It cites the Household Labour Force Survey which shows that late last year, 3 percent of men not in the labour force listed looking after children as their main activity, compared to 19.3 percent of women.
Census data - though not directly comparable because it uses different methodologies and different collection processes - showed roughly similar numbers. However, these figures likely under-represent the actual number of men who are looking after children because they exclude people employed part time, looking for work, and same-sex couples.
'It's certainly the hardest job I've ever had'
In the Wellington suburb of Wilton on a bright Autumn morning, a coffee group for stay-at-home fathers is under way.
Brendan Miller, the host of this week's catch up, has been attending regularly since becoming the primary carer to his two daughters a couple of years ago.
Mr Miller said he had missed out on some of the important firsts in his children's lives when he had been working.

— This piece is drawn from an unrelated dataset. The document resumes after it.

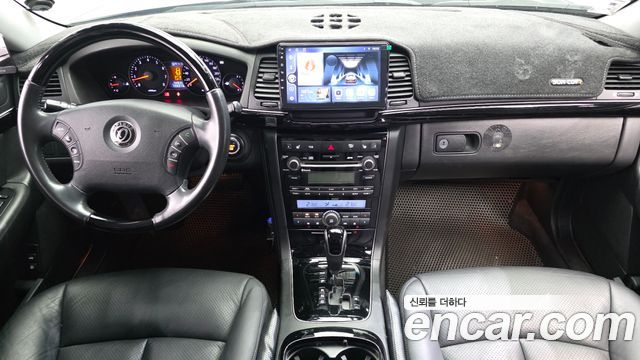 Kia Opirus — interior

"It's just those little milestones like teaching your kids to be brave and to try something, and to see them try something and be successful."
But being the man at home was not without particular challenges.
In the past, Mr Miller socialised with his antenatal group. They were really welcoming, he said, but the reality was it was just him and seven mothers - who were having quite different experiences from him - and it was isolating.
Hayden Allen is a solo father of two teenagers in Napier who has had full-time custody of his children for the past two years.
At times he had to make do on the benefit, and said he had faced stigma from people in his community when they found out he was a stay-at-home father.
Taking on the primary caregiver role has been rewarding but intense, he said.
"We just stand here and we learn, and with every wave that we get hit by we get back up. And as long as we're falling forward that's all that matters."
Gender norms and pay gap deterring men from caregiver role
The gender pay gap looms over the discussion of the low number of families choosing a man to be the primary caregiver.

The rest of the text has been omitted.